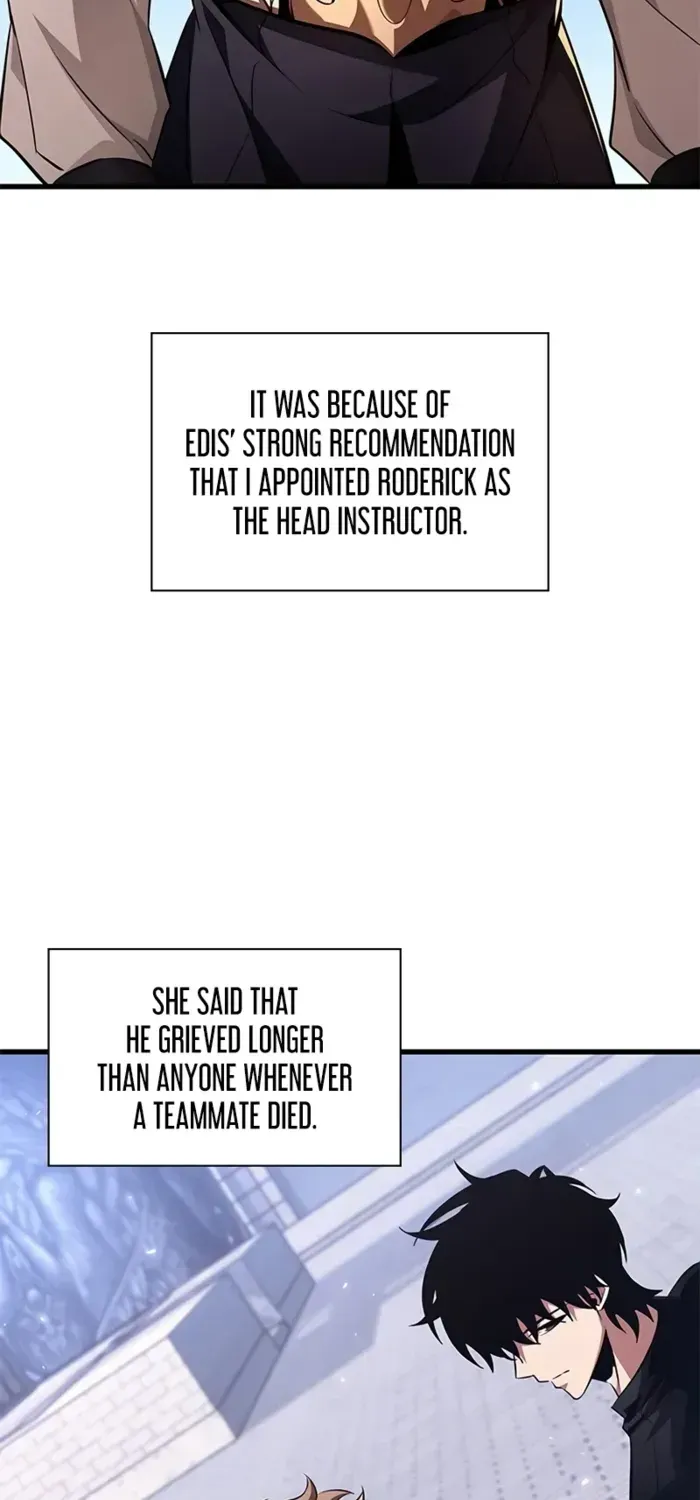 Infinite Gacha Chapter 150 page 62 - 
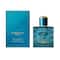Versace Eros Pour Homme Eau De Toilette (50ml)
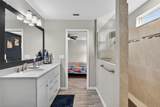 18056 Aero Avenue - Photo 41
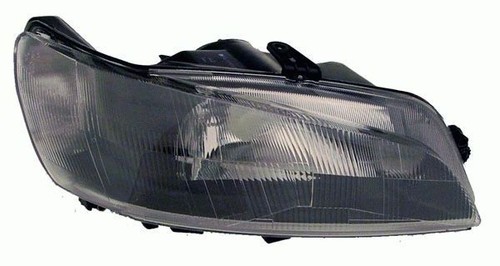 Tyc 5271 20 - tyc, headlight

- [THE TASK] Reproduce, word for word, every line from the one that contains "18056 Aero Avenue - Photo 41" to the end of the data, including both ends; omit all pictures.

- [RESPONSE]
 18056 Aero Avenue - Photo 41
 Tyc 5271 20 - tyc, headlight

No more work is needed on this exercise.